Chapter 1
Christ is the center of the counsels of God, and hence of prophecy, which treats of the earth, and His government of it for His own glory. Hence the importance of Israel, of whom, as according to the flesh, came Christ who is over all, God blessed forever. They are His people by a choice and calling which cannot fail in the end, though there may be and has been a fall and a long continued disowning of them in God's righteous judgment of their apostasy. But mercy will restore them ere long, humbly, joyfully welcoming the Messiah they have so long rejected.
This had been feebly seen, nay, generally denied, throughout Christendom for ages. Scarcely any error is more patent throughout the Fathers than the substitution of the church for Israel in all their system of thought. Every Father, whose remains have come down to us, is a witness of the same allegorizing interpretations, not only the Alexandrian school of Clement and Origen, but Justin Martyr, Irenaeus, and the Pseudo-Barnabas. The Latins followed in the same wake, not Augustine and Ruffinus and Jerome only, but Tertullian, Cyprian, and Lactantius. Not one held the restoration of Israel to their land, converted nationally; the millenarian portion expected that the risen saints would reign with Christ in Jerusalem rebuilt, adorned, and enlarged, not that the Jews should be restored and blessed in the land. The mediaeval writers naturally adopted the same view: so did the Reformers, as far as I am aware, without an exception. All fell into the error of putting the church into the place of Christ, and of leaving no room for His earthly people, besides His heavenly saints, and glorified bride. They neglected the warning of the Apostle Paul, and assumed that the Jewish branches were broken off that the Gentiles might be grafted in and take their place gloriously, and forever. They did not take heed to the prophetic word, as Peter exhorts, but applied systematically the predictions of Israel's blessing in the last days to the Christian church: still less did they appreciate the day dawning or the day star arising in the heart. Catholics, papists, protestants, had no real light, no spiritual intelligence, as to the hopes of Israel as distinct from those of Christians.
Is it not as solemn as it is startling to see thus beyond just question the immediate, universal, and lasting departure of the Christian profession from prophetic truth? But so it is and must be. The divine glory in Christ for all things in heaven and on earth being the blessed and revealed purpose of God (Eph. 1:10), when this is forgotten, false hopes spring up. Man, self, becomes the end, instead of Christ; the true light is lost, and darkness ensues in the just retribution of God. The effort to make the church all, instead of preserving the true dignity of the church as the heavenly spouse of Christ, lowers her to the position of Israel, a people reigned over, not reigning with Him, His inheritance, not heirs of God and joint-heirs with Christ.

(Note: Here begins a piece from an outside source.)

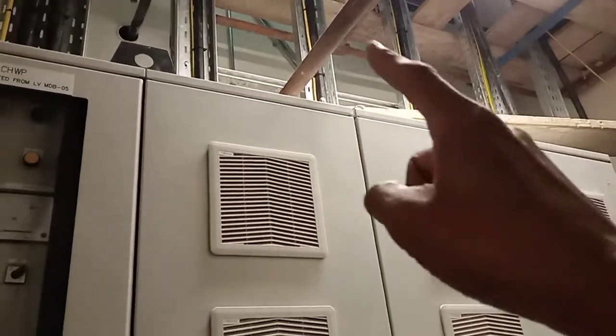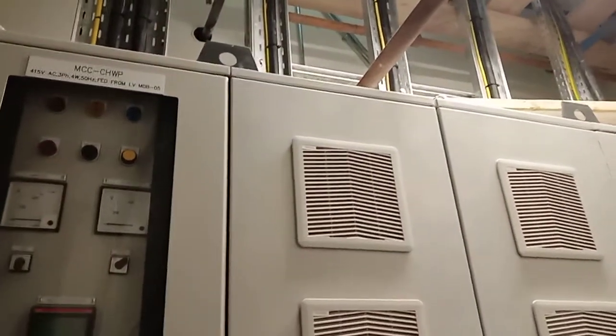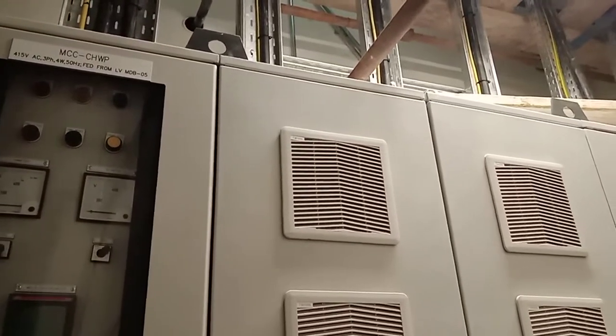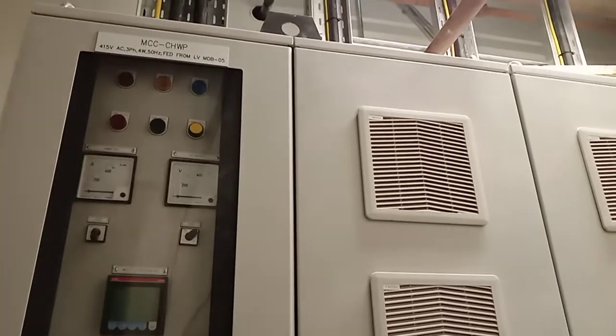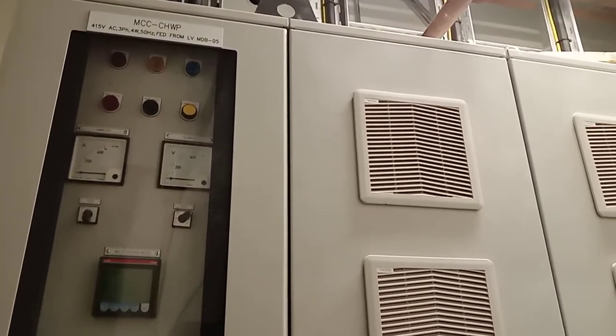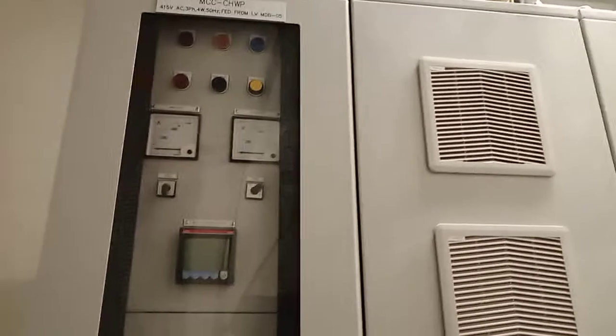One, two, three, four, five, six. Two, four. Three, four, five, eight. One, two, three. One, two, three. Four, five, six, seven. Seven cable po. Ayan po yung cable na 300, 250.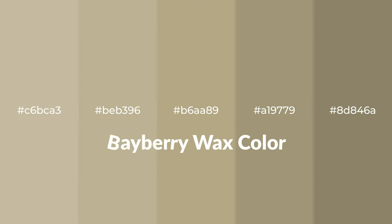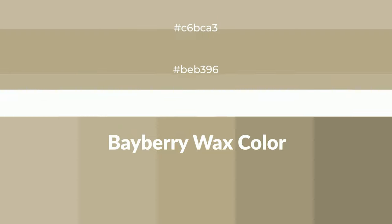Warm shades of Bayberry Wax color with yellow hue. For your next project, to generate tints of a color, we add white to the color. Tints create light and exquisite emotions.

The future actings of God as revealed in prophecy are the expression of the principles on which He will govern the world; and so His word is the means by which alone we learn these principles fully. If we fail to ascertain them thus, we form our own thoughts of that which God gave us, prophecy whereby to know His mind. Our business is to gather of what and whom God speaks; and no greater delusion can befall us than to imagine that, because all scripture is for our profit, all must be about ourselves. The purpose of God as to the Jews is in its place as truly the object of faith as His counsels respecting the church. Thus, the apprehension of His various ways for glorifying Christ is essential to real understanding of His word. Here, as everywhere, a single eye is needed. With Christ before us, the whole body will not fail to be full of light.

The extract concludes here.